And last night Detective Chief Inspector Dave Veness, who is leading the hunt, said : “I believe I am dealing with an abduction of a boy by a man with a violent or sexual motive.”
The missing boy is Martin Allen, son of the chauffeur to the Australian High Commissioner.
Now a special squad of detectives is searching houses and flats in Earl’s Court, London after a fresh sighting of the boy.
A 20-year-old man who lives in West London has told the police that at 4.15 p.m. on November 5 he saw a man standing with his arm around a boy’s shoulders at Gloucester Road Tube station.
Prodded
The boy, who strongly resembled Martin, looked anxious.
The man took the youngster on to a Piccadilly Line train and got off at the next stop, Earls Court.
The boy appeared reluctant to leave the train until the man prodded him in the back and said: “Don’t try to run”.
The witness described the man as 6ft tall in his 30s, well built, with very blonde hair and moustache.
He was wearing a denim jacket and trousers.
The last know sighting of Martin was at 3.30 p.m. on that day at King’s Cross.
A school pal left him heading for the Piccadilly Line which would have taken him to Gloucester Road Station, a five-minute walk from his home in Hyde Park Gate.
Martin who is slim, 5ft tall with dark brown hair, was wearing a black school uniform blazer with badge and a navy and yellow tie.

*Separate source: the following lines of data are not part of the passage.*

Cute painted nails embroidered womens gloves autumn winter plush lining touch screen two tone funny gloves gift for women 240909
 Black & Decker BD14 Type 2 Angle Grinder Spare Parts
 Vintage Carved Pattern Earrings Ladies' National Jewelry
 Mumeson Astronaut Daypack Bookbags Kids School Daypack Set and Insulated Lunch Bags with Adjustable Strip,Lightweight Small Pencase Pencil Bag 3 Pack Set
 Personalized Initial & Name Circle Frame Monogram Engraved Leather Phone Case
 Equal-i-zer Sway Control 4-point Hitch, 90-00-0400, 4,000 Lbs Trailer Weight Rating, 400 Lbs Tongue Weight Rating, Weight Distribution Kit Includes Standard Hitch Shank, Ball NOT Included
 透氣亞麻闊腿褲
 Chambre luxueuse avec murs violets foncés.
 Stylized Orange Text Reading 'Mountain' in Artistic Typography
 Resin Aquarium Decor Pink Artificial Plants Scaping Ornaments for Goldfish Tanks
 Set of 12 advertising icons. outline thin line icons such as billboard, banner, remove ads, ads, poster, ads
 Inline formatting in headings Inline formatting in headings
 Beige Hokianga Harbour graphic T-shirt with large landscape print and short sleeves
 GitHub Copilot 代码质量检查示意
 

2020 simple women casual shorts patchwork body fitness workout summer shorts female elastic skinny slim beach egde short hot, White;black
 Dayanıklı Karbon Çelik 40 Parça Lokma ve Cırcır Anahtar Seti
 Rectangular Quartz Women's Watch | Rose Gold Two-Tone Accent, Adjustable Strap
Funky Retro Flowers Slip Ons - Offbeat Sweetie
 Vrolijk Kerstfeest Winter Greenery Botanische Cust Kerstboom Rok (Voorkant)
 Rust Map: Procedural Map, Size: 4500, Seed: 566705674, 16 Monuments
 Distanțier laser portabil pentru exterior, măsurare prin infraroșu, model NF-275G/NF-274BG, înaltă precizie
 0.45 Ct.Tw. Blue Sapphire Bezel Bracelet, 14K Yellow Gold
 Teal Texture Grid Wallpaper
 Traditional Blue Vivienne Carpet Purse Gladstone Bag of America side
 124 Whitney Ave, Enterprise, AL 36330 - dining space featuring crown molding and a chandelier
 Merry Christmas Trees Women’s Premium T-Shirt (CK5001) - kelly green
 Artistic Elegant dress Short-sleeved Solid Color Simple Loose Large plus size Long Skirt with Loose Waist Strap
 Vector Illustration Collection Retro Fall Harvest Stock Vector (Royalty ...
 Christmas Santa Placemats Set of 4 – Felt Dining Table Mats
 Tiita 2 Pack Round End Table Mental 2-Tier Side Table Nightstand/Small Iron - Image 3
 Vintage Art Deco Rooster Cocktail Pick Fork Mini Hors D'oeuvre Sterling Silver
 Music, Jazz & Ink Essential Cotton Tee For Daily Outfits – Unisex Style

He carried a bright yellow bag, marked “Astral.”

Sunday Express, 27th December 1981

SExp271281THE SADNESS BEHIND A SANTA’S SMILE
Five hundred children at two Christmas parties enjoyed the good will and gifts of a traditional Santa Claus. Not one guessed the secret sadness behind the white beard and seasonal smile.
For dressed in the red cloak was 56-year-old Mr Thomas Allen, whose teenage son, Martin, was apparently kidnapped more than two years ago.
Despite his sadness, Mr Allen played Father Christmas for an annual party at Australia House, where he works as a chauffeur, and at a North London primary school in Tufnell Park where his wife, Eileen, is as secretary.
“Martin is in my mind all the time and it is on occasions like Christmas that the memories are most vivid,” said Mr Allen.
Gripped
“How could I not be sad at those parties when I see so many other happy children?
“II thought of Martin … and there was a tear or two.
“But I am convinced of one thing. Not one of those children thought that I was anything but happy.
“My one hope is that Martin will be found and will be able to attend one of the Christmas parties.”
Martin, then 15, was last see on Guy Fawkes Night in 1979 being gripped tightly by a man aged between 30 and 40, about 6ft tall, and with blond hair, at Gloucester Road Tube station in London. He was on his way home from school.
Several people have told police they heard the man tell the boy “Don’t try to run.”
Martin was carrying a yellow sports bag with the trade name Astral on the side.
Intensive police investigations in Britain and other countries have failed to find any trace of Martin, but Mr and Mrs Allen, their family and friends have not given up hope.
Kidnap
Mr Allen said : “I think our son was kidnapped by a gang of child pornographers.
“I think he was spirited away to some overseas country and forced to take part in films.”
Police have sent European and other overseas police forces photographs of Martin so these can be compared with seized child pornography films.
Officers on the case have not ruled out a link between Martin’s disappearance and that of eight-year-old Vishal Mehrotra who went missing near his home in Putney after returning from watching the Royal Wedding near St Paul’s. Vishal is still lost.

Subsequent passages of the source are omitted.